INFORMATION SHOWN:

BEGIN

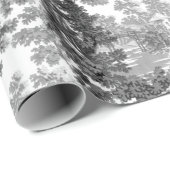  Cottage-landschap toile-Black & White Cadeaupapier (Rol Hoek)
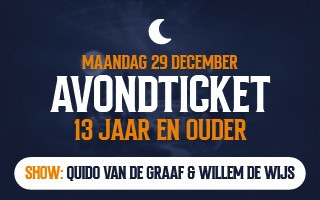 Event banner for Avondticket on December 29 for ages 13+, featuring Quido van de Graaf & Willem de Wijs.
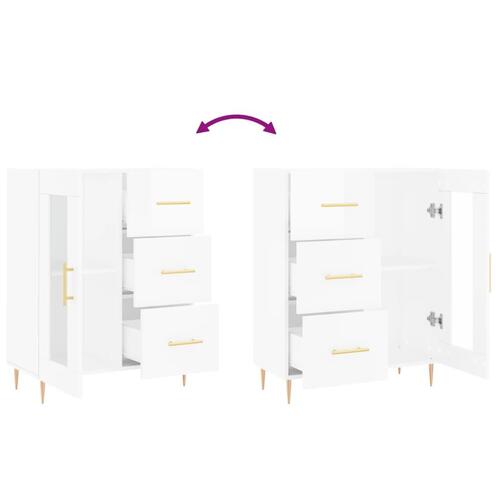Skænk 69,5x34x90 cm konstrueret træ hvid højglans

END

WHAT THE TASK ASKS:
The aim is an exact repeat of the entire listing, stripped of pictures.

OUTPUT BELOW:
  Cottage-landschap toile-Black & White Cadeaupapier (Rol Hoek)
 Event banner for Avondticket on December 29 for ages 13+, featuring Quido van de Graaf & Willem de Wijs.
Skænk 69,5x34x90 cm konstrueret træ hvid højglans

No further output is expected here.